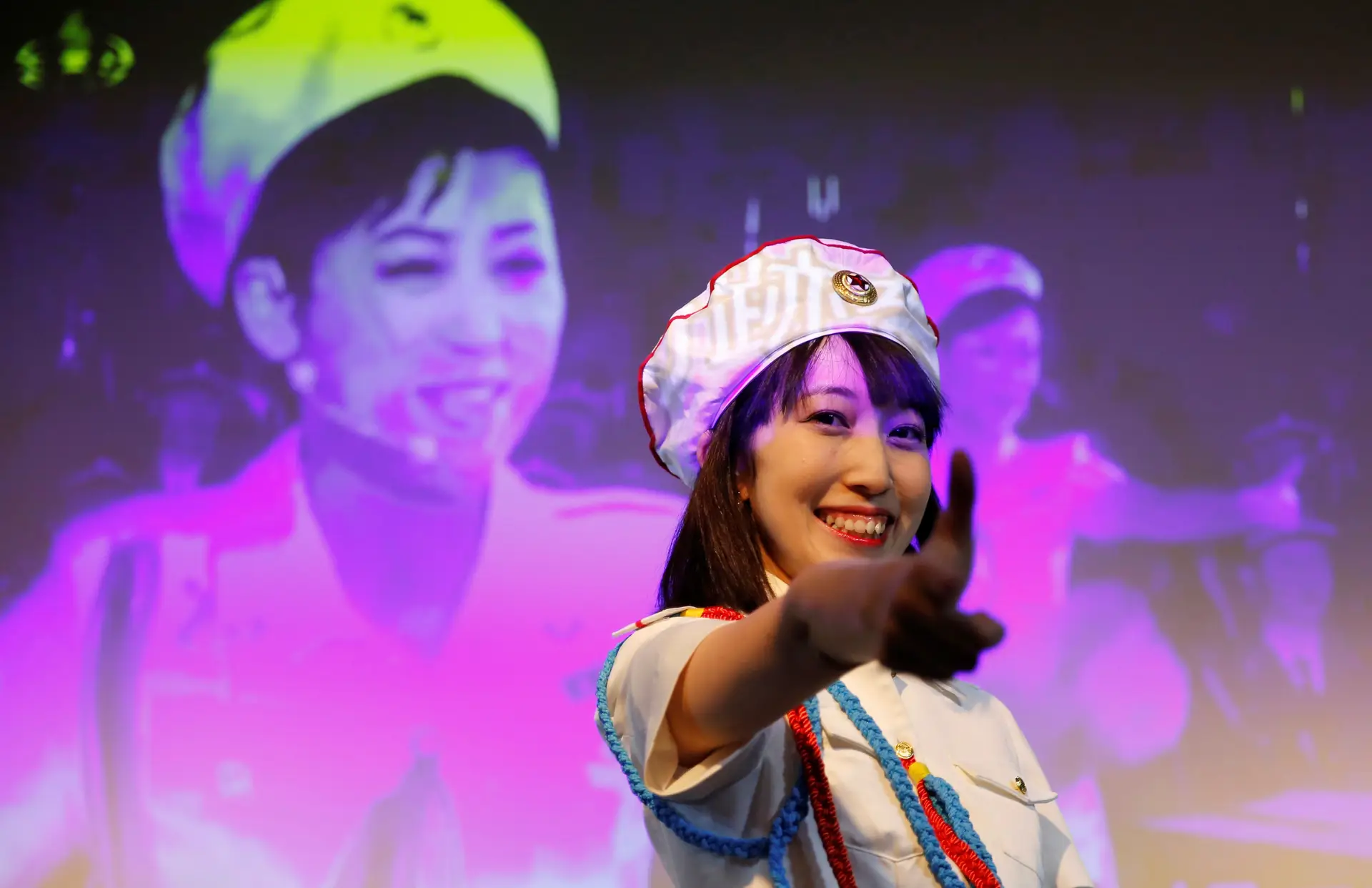 A presidente do clube de fãs da Coreia do Norte no Japão, sengun-joshi, que significa raparigas militares, num evento em Tóquio a 29 de outubro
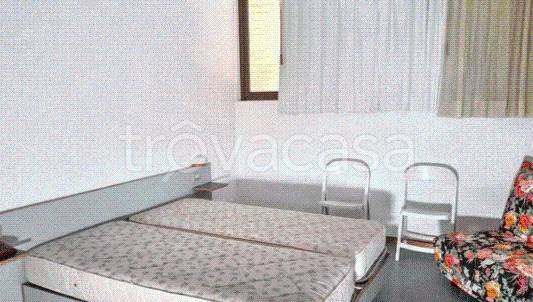 negozio in vendita a Girasole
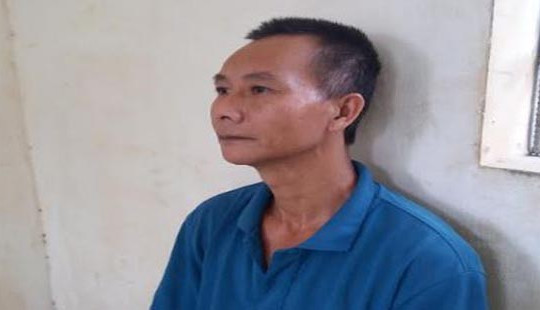 Dùng dao ném trúng đầu bà cụ để trả thù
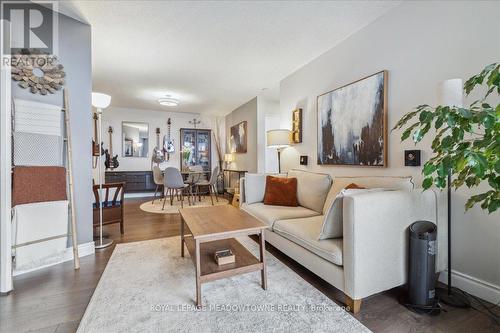 604 - 2665 Windwood Drive, Mississauga, ON - Indoor Photo Showing Living Room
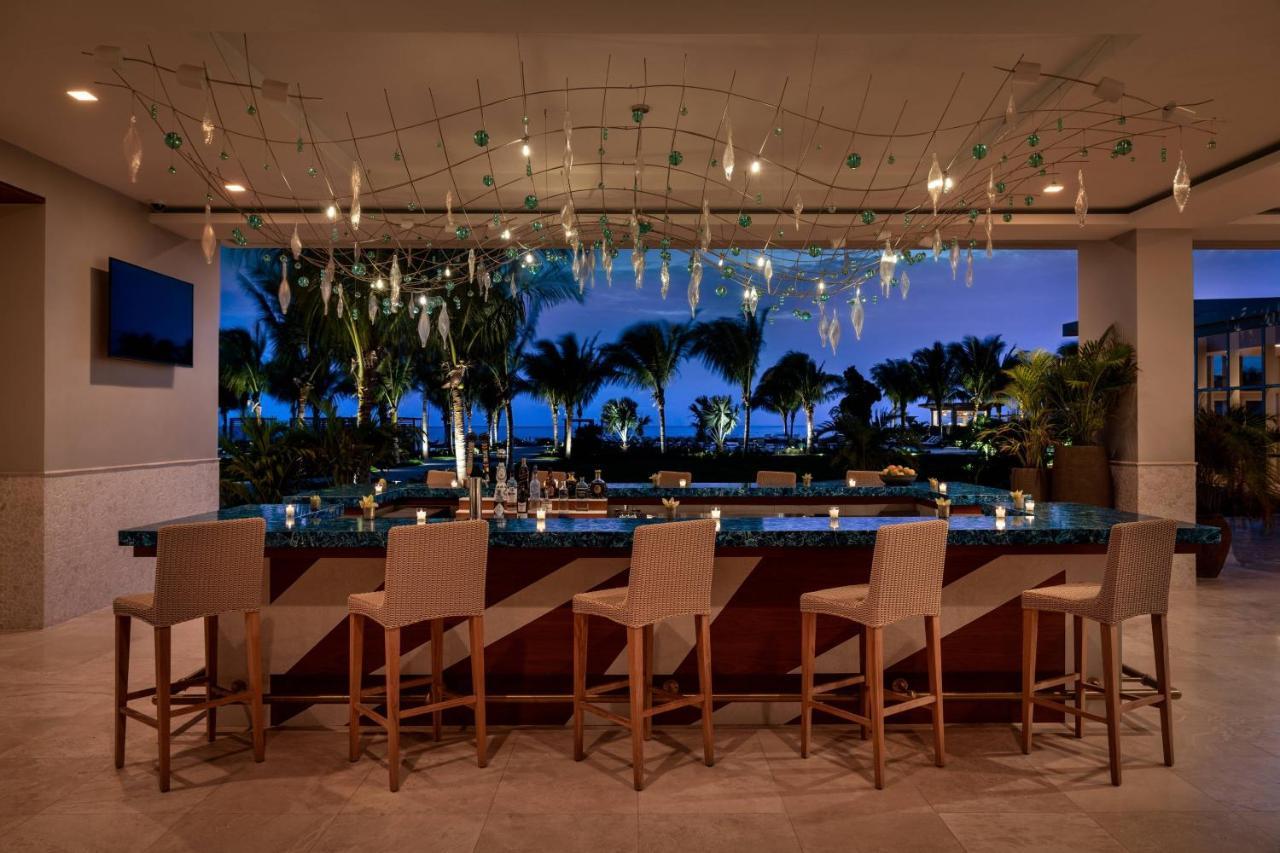 Готель The Ritz-Carlton, Turks & Caicos Грейс-Бей Екстер'єр фото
──────────
The copy must start at the line containing "negozio in vendita a Girasole" and end at the last line of the records, matching each line exactly and holding no pictures.

 negozio in vendita a Girasole
 Dùng dao ném trúng đầu bà cụ để trả thù
 604 - 2665 Windwood Drive, Mississauga, ON - Indoor Photo Showing Living Room
 Готель The Ritz-Carlton, Turks & Caicos Грейс-Бей Екстер'єр фото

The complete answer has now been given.